Records contained in a dataset:
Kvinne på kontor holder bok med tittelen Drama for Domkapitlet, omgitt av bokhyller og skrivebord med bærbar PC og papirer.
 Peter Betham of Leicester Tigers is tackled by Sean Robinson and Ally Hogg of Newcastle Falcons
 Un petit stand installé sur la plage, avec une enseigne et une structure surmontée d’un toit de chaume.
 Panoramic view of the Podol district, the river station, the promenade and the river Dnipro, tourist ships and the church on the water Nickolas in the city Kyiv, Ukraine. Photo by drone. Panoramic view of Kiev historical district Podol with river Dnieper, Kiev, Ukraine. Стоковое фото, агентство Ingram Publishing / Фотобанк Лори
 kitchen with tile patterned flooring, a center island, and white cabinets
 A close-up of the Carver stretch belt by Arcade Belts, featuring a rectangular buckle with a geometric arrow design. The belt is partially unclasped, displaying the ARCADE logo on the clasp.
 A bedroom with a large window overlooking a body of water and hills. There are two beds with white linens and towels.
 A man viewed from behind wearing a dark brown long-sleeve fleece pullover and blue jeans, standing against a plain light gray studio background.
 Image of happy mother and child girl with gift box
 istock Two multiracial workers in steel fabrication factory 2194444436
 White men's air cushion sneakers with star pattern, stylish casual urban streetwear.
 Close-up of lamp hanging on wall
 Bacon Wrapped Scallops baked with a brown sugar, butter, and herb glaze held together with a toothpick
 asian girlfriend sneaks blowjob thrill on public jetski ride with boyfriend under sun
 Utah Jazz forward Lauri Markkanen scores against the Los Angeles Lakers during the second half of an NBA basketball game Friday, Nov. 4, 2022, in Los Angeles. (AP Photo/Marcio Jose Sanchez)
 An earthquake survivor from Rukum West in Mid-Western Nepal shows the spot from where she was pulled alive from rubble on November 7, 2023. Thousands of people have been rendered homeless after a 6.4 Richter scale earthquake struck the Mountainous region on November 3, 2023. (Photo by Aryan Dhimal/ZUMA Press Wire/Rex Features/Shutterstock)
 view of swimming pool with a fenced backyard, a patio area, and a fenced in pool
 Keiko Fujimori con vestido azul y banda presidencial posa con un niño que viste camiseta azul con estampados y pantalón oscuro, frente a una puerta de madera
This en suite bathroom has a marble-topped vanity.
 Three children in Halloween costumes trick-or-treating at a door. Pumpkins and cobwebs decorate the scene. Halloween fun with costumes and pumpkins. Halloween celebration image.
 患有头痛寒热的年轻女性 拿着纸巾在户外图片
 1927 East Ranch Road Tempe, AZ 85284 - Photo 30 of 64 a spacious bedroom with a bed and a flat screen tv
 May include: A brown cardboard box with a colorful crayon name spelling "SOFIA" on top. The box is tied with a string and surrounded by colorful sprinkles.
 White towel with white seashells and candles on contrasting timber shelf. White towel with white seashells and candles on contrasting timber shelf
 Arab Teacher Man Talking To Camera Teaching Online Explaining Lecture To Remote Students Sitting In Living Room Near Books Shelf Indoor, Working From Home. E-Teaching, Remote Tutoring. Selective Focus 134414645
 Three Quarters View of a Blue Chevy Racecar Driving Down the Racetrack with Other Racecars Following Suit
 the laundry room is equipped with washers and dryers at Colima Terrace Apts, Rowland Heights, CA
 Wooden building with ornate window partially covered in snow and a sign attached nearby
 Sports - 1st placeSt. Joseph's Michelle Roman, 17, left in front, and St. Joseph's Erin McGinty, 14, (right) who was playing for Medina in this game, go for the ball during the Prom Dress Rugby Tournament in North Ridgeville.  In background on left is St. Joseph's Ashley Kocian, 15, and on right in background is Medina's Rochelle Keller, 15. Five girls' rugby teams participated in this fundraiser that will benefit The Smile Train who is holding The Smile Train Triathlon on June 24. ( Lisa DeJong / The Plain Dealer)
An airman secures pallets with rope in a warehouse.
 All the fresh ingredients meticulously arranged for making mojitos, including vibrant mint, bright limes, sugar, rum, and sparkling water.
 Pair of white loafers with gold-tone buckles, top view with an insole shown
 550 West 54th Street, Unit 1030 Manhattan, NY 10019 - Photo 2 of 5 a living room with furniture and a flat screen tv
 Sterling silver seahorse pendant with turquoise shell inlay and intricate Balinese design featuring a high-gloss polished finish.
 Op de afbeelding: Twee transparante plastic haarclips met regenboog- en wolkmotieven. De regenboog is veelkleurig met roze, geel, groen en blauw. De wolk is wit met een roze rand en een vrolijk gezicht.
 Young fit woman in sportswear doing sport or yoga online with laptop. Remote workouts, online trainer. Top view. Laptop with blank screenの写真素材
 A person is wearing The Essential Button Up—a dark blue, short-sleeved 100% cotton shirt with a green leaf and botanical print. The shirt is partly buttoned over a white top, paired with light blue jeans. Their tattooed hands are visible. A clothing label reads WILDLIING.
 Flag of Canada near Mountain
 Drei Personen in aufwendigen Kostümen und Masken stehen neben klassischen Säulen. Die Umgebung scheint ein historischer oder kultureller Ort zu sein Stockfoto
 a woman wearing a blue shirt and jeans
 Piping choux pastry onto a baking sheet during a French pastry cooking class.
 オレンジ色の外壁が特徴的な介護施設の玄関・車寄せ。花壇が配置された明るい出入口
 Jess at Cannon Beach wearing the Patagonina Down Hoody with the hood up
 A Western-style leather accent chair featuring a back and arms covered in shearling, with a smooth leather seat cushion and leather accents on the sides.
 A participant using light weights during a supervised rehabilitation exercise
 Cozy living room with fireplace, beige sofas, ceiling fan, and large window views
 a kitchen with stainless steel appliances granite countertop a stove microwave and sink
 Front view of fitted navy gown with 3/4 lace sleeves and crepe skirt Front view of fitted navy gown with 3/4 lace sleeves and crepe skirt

--- TASK OBJECTIVE ---
Please give again the lines above between the line holding "Three Quarters View" and the line holding "All the fresh", inclusive, exactly as they are and with nothing added.

--- COMPLETED TASK ---
 Three Quarters View of a Blue Chevy Racecar Driving Down the Racetrack with Other Racecars Following Suit
 the laundry room is equipped with washers and dryers at Colima Terrace Apts, Rowland Heights, CA
 Wooden building with ornate window partially covered in snow and a sign attached nearby
 Sports - 1st placeSt. Joseph's Michelle Roman, 17, left in front, and St. Joseph's Erin McGinty, 14, (right) who was playing for Medina in this game, go for the ball during the Prom Dress Rugby Tournament in North Ridgeville.  In background on left is St. Joseph's Ashley Kocian, 15, and on right in background is Medina's Rochelle Keller, 15. Five girls' rugby teams participated in this fundraiser that will benefit The Smile Train who is holding The Smile Train Triathlon on June 24. ( Lisa DeJong / The Plain Dealer)
An airman secures pallets with rope in a warehouse.
 All the fresh ingredients meticulously arranged for making mojitos, including vibrant mint, bright limes, sugar, rum, and sparkling water.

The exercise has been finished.